Brief descriptive captions
Segment Open

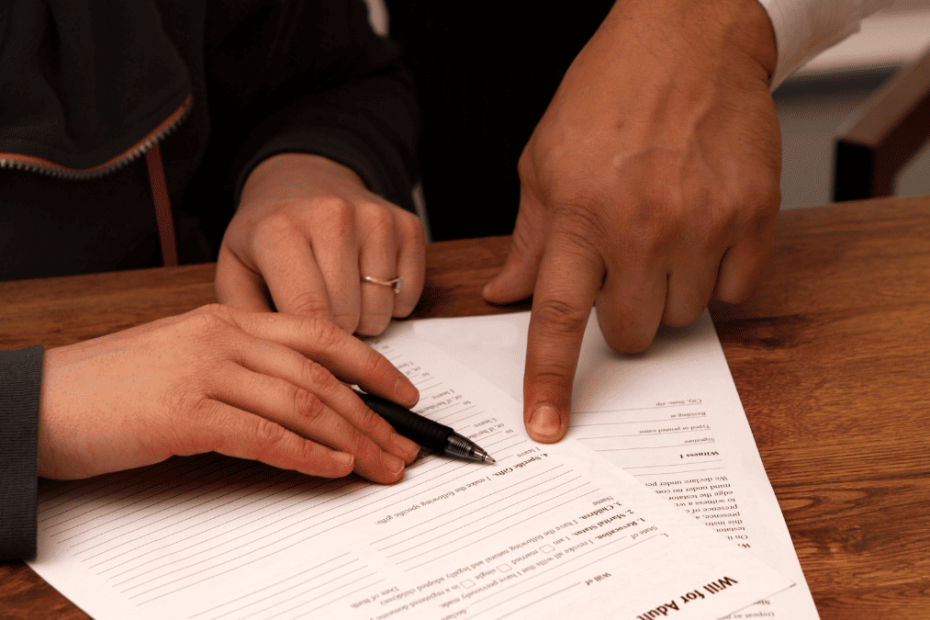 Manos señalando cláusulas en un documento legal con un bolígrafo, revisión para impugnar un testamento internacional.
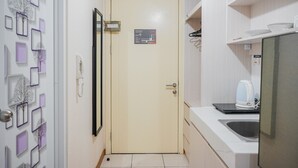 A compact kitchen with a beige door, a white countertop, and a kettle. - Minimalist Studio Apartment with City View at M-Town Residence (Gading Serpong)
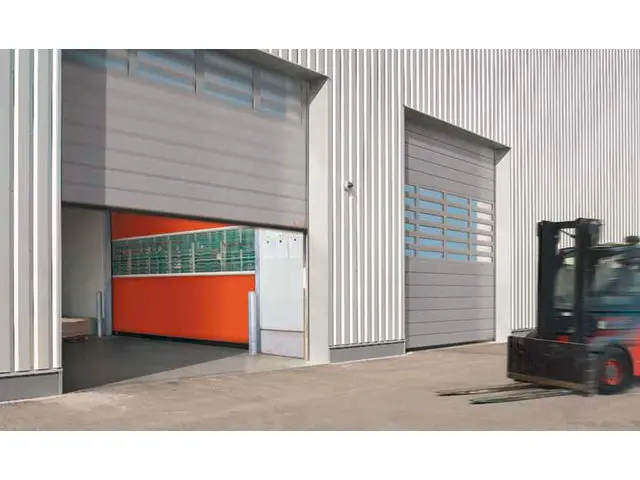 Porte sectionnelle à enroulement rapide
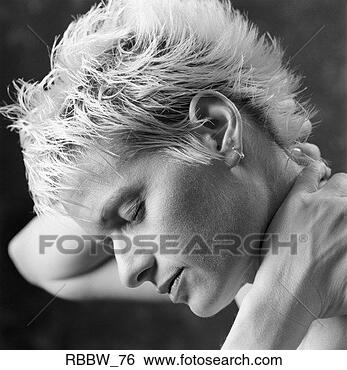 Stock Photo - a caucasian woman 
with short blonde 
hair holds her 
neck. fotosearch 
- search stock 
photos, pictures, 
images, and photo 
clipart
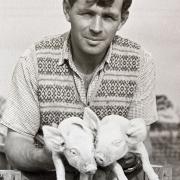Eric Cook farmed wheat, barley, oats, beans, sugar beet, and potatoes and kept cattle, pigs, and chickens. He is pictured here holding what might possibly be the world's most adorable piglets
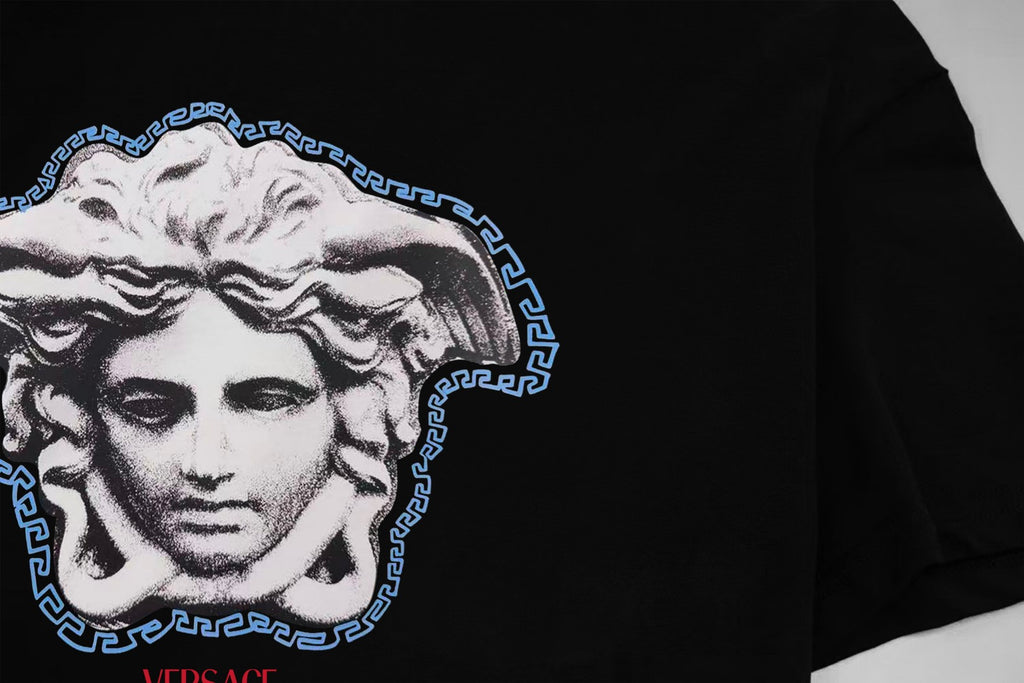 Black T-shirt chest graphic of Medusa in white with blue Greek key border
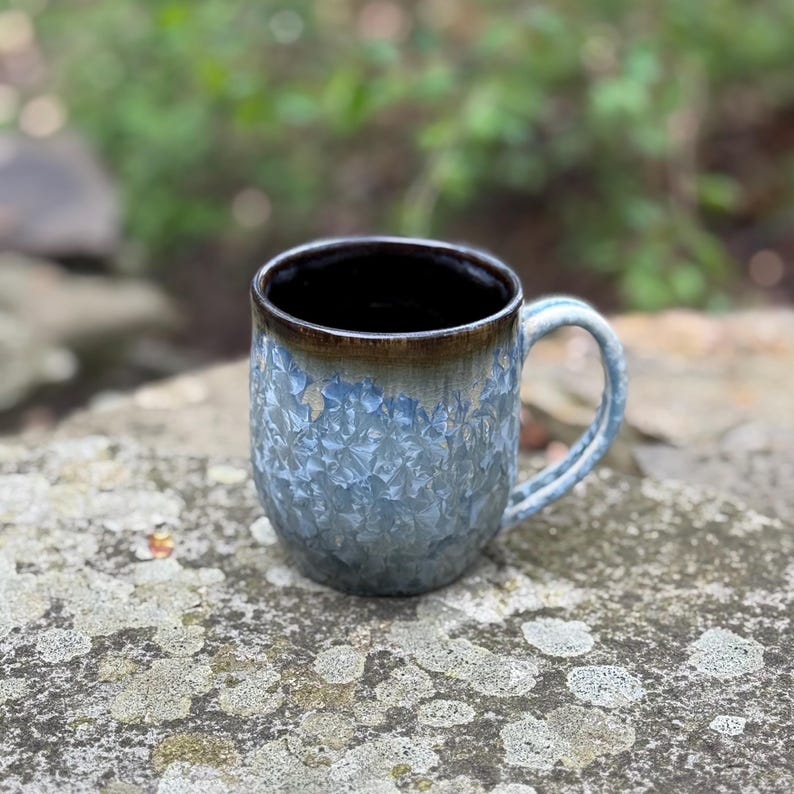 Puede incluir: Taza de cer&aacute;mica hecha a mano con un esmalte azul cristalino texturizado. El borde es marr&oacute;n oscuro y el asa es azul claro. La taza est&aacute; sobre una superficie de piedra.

Segment Closed
Segment Open

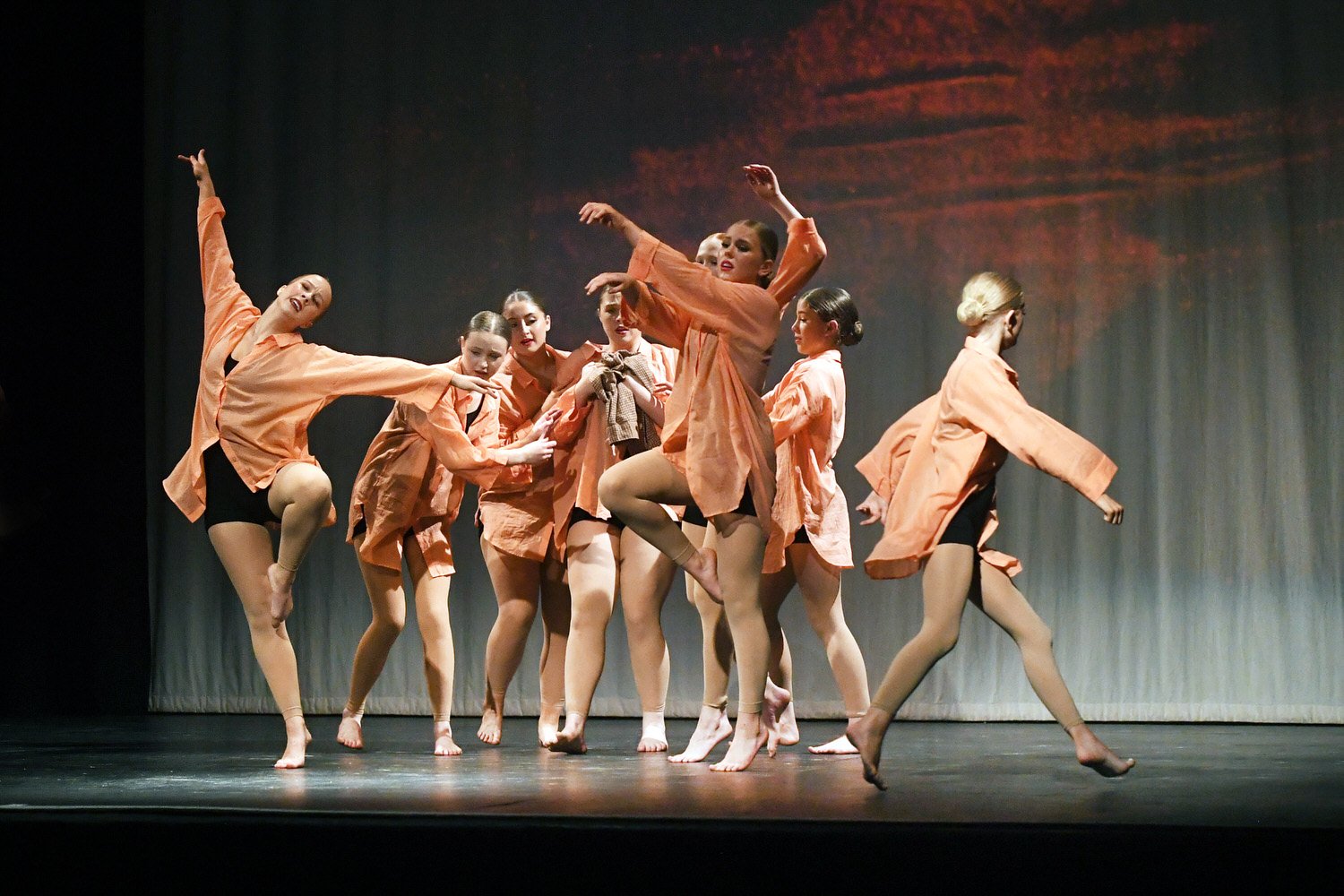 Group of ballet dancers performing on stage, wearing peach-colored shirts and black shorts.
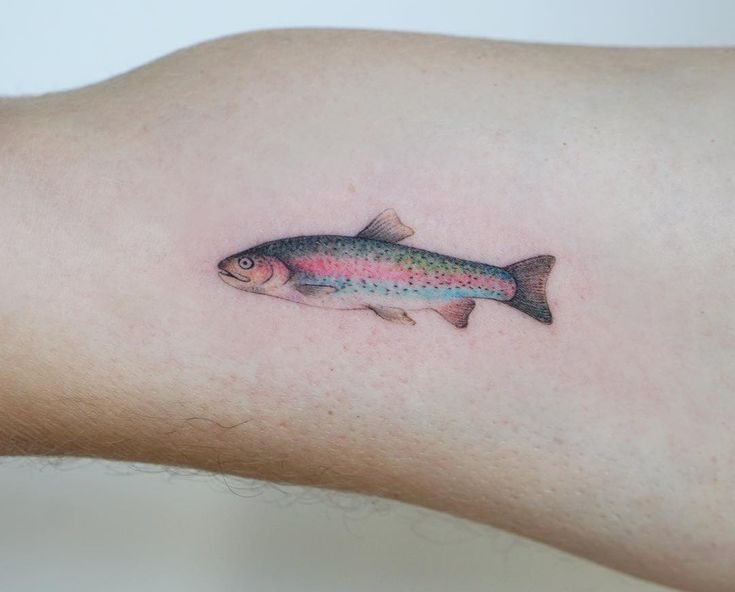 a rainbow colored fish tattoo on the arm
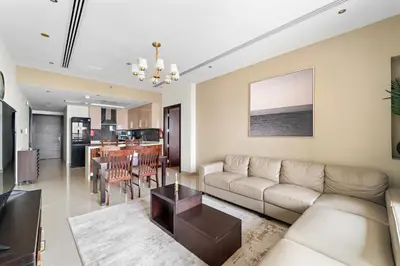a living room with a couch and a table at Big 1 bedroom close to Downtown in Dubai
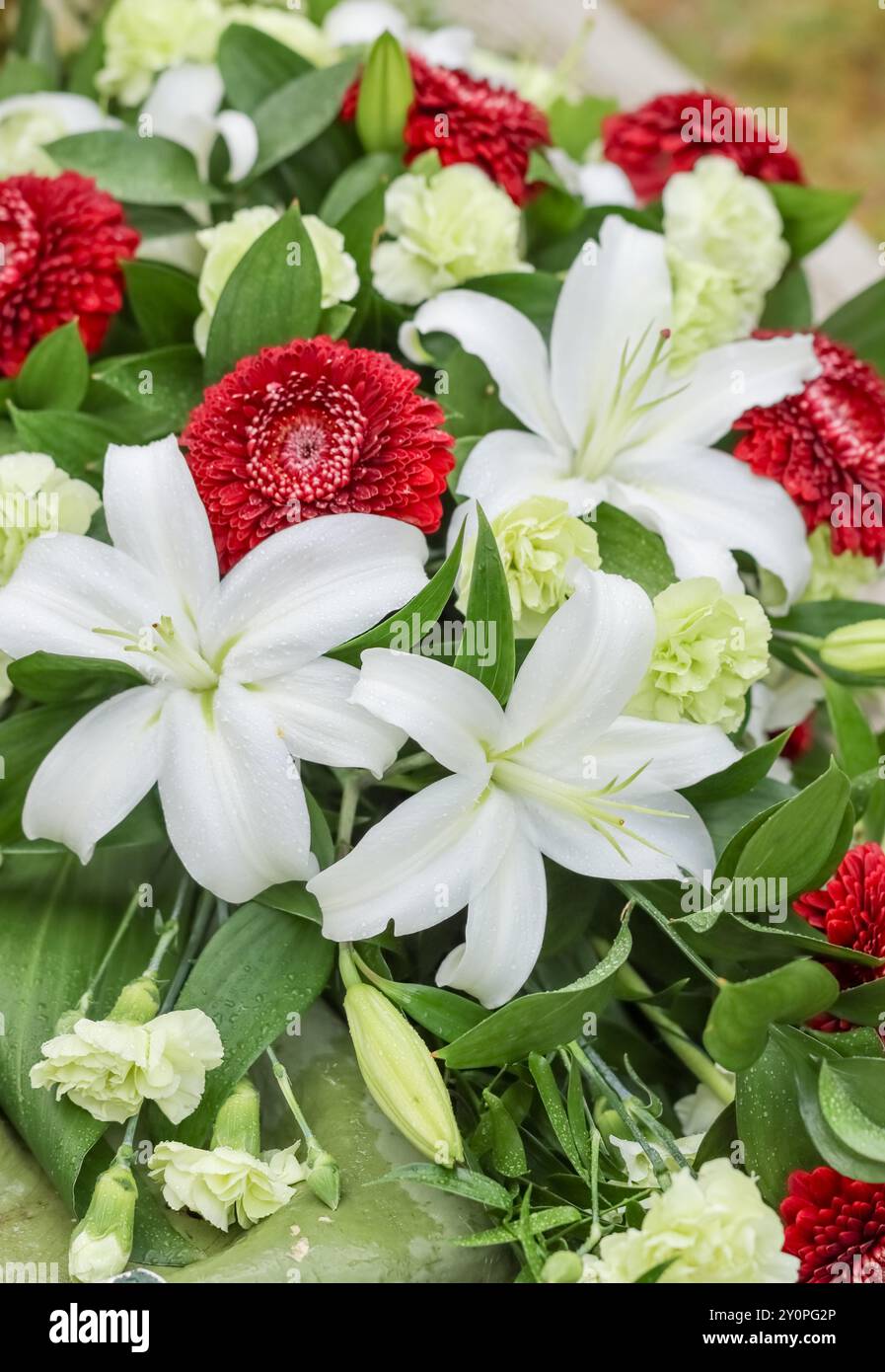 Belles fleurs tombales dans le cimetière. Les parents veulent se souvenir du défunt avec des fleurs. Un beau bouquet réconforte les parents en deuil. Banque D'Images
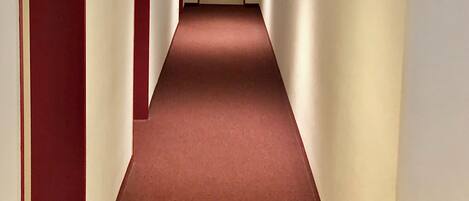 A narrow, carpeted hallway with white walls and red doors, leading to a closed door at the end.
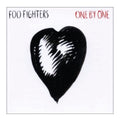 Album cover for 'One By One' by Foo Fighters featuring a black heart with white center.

Segment Closed

• _Exercise brief_
Output only the lines above from the one containing "a living room" to the one containing "Album cover for", both included, exactly as written and with no pictures.

• _Exercise answer_
a living room with a couch and a table at Big 1 bedroom close to Downtown in Dubai
 Belles fleurs tombales dans le cimetière. Les parents veulent se souvenir du défunt avec des fleurs. Un beau bouquet réconforte les parents en deuil. Banque D'Images
 A narrow, carpeted hallway with white walls and red doors, leading to a closed door at the end.
 Album cover for 'One By One' by Foo Fighters featuring a black heart with white center.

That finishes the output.